In Phase 4, the classroom teaching in the case study was evaluated based on the sequence of teaching and learning activities carried out by both the teacher and students. Each teaching activity was scored on a scale of 0–3, where 2–3 was given when the content of each symbol was fully satisfied, 1–2 was given when it was partially satisfied, and 0 was given when the content was not at all satisfied.

To ensure the reliability of the data analysis, three coders independently coded the data based on the coding framework (Table 1). Prior to the formal coding, the researchers had a discussion session to have a good understanding of the coding framework and data. Questions about the coding framework and data were addressed at the discussion session. Researchers provided a detailed explanation of the scoring criteria and to address any discrepancies in understanding, leading to a consensus. Subsequently, trial coding with five randomly selected data was conducted among the three coders.

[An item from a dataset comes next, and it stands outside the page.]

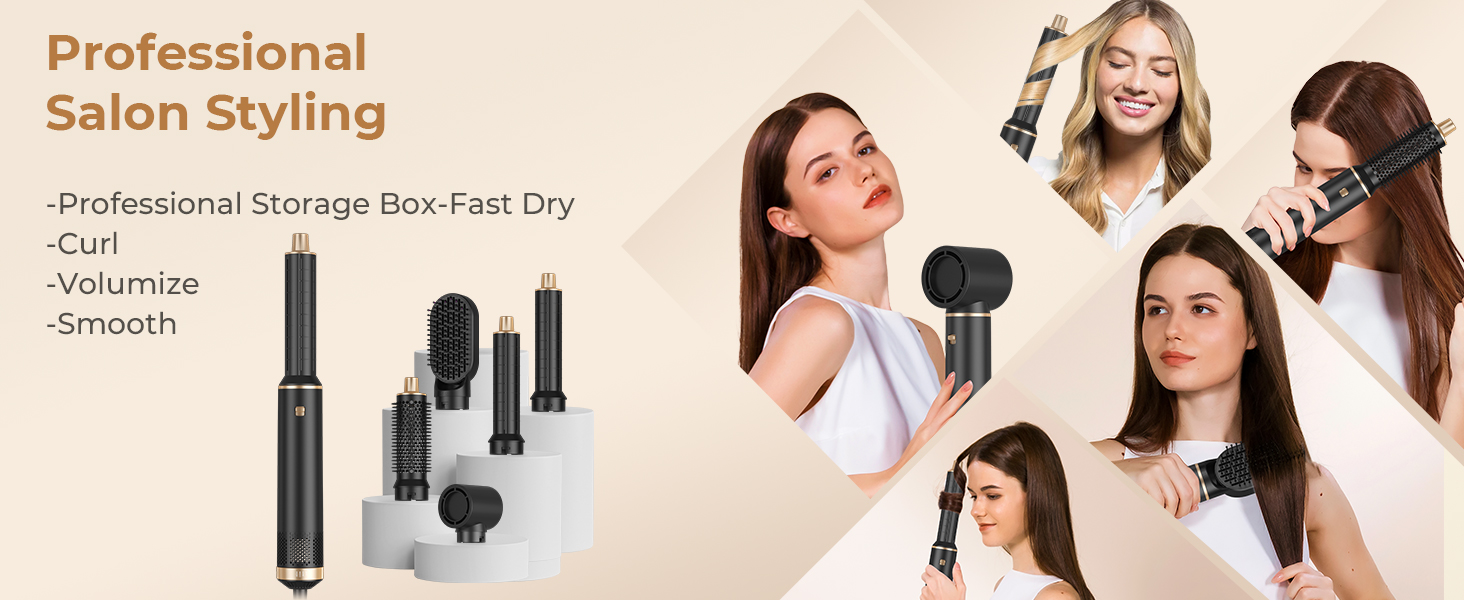 comprenant des outils cylindriques noirs avec divers accessoires. Le produit prétend offrir des capacités professionnelles de coiffage en salon, de séchage rapide, de bouclage, de volume et de lissage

The coders had satisfactory reliability in coding, with Cronbach’s alpha coefficient for the nine evaluation parameters are: teacher (α = 0.826), students (α = 0.845), AI machine (α = 0.807), teaching goal (α = 0.903), teaching process (α = 0.768), teaching method (α = 0.758), the structure of space and time (α = 0.759), infrastructure (α = 0.758), and supporting technology (α = 0.714).

The case study generated 324 sets of coded data that were saved in Excel for subsequent statistical analysis (Formula 1–6).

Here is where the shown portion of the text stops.